- Interactive map of the Tours de Levallois area

General information
- Type: Office
- Location: Levallois-Perret (west of Paris)
- Coordinates: 48°54′4″N 2°17′12″E﻿ / ﻿48.90111°N 2.28667°E

Height
- Antenna spire: 165 m (541 ft)
- Roof: 165 m (541 ft)

Technical details
- Floor count: 42
- Floor area: 100,000 m^{2} (1,100,000 sq ft)

Design and construction
- Architects: Sylvain Glaiman, Pierre Epstein

= Tours de Levallois =

Tours de Levallois was a project to build two office skyscrapers in Levallois-Perret, in the inner suburbs of Paris, France. This project was canceled in 2011, following the reluctance of local residents.

== History ==
The structures that once stood on the site designated for the construction of the towers were demolished in September 2006. The preparation phase was scheduled to start by March 2007, and the construction of the building in itself should have started in August 2007. The towers, were originally planned to be delivered by 2009.
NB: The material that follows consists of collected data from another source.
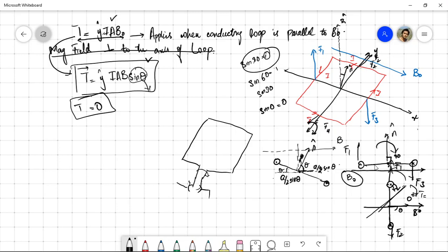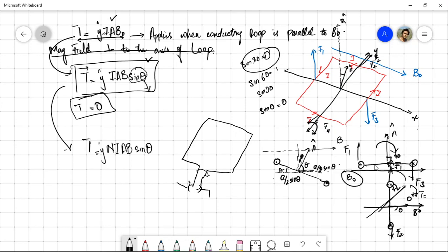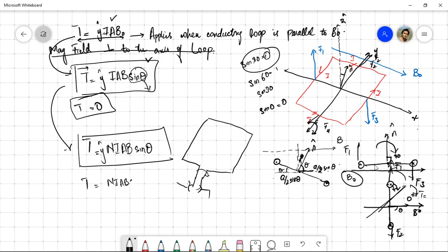This torque expression is for a single loop of current-carrying conductor under an external magnetic field B₀. If there are N loops, the equation is further modified to: τ = N·I·a·b·sinθ, where N is the total number of loops.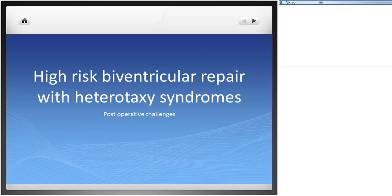I am Dr. Vishal. Today I am going to talk about high risk biventricular repair with heterotaxy syndromes and the postoperative challenges. This is a very vast topic and making it into a concise presentation is a challenge. I've tried to keep it simple - you can ask questions afterward or mail me.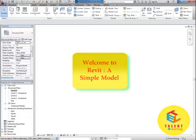Welcome friends. In this tutorial, we will be learning and creating a basic model in Autodesk Revit.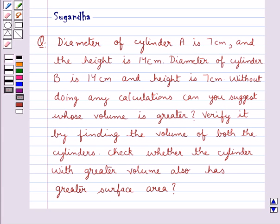Hello and welcome to the session. Today I will help you with the following question.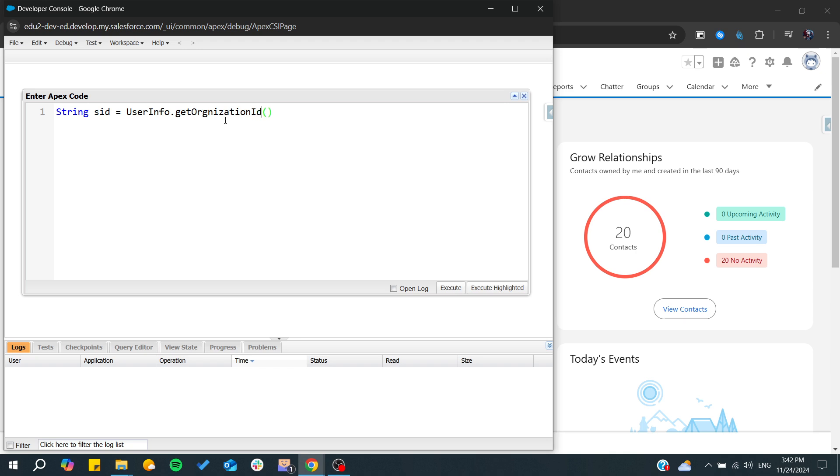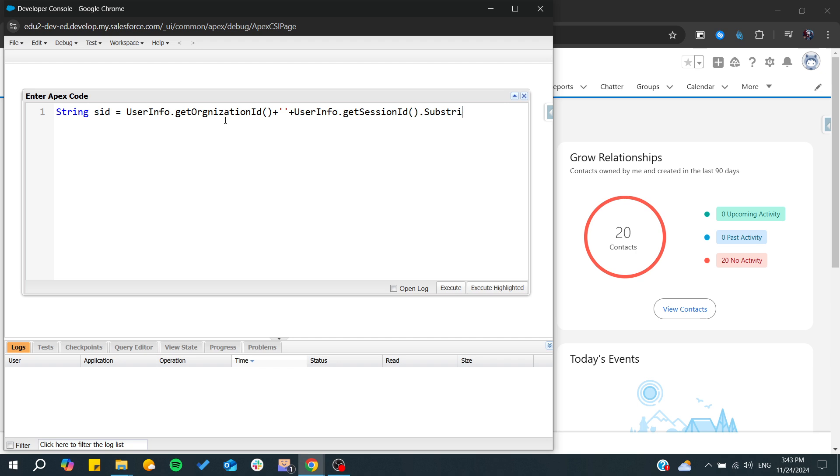your session ID. From here we'll get userInfo again - userInfo.getSessionId(). After that we need to have it as a string, so we substring all of this.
In 2008, Mohamed Bin Issa Al Jaber was presented as the new investor behind the project. Construction was suspended in the following months due to payment delays. In February 2011, the city of Levallois was seeking new investors. It filed a complaint against Al Jaber, which resulted in Al Jaber's planning application to be revoked. The land allocated to the project was then bought back by investment bank BNP Paribas, which intended to make offices.

In September 2011, many Levallois residents mobilized to protest this project because of its impacts on traffic, pollution, noise, and views. Faced with this mobilization, the mayor of Levallois-Perret at the time, Patrick Balkany, decided to abandon the project.

== Designs ==
The towers were designed to stand 165 meters tall and be located above a 3-storey shopping mall, and a car park with a capacity of 1,600 vehicles. The towers, of identical design, were planned to host strictly corporate offices.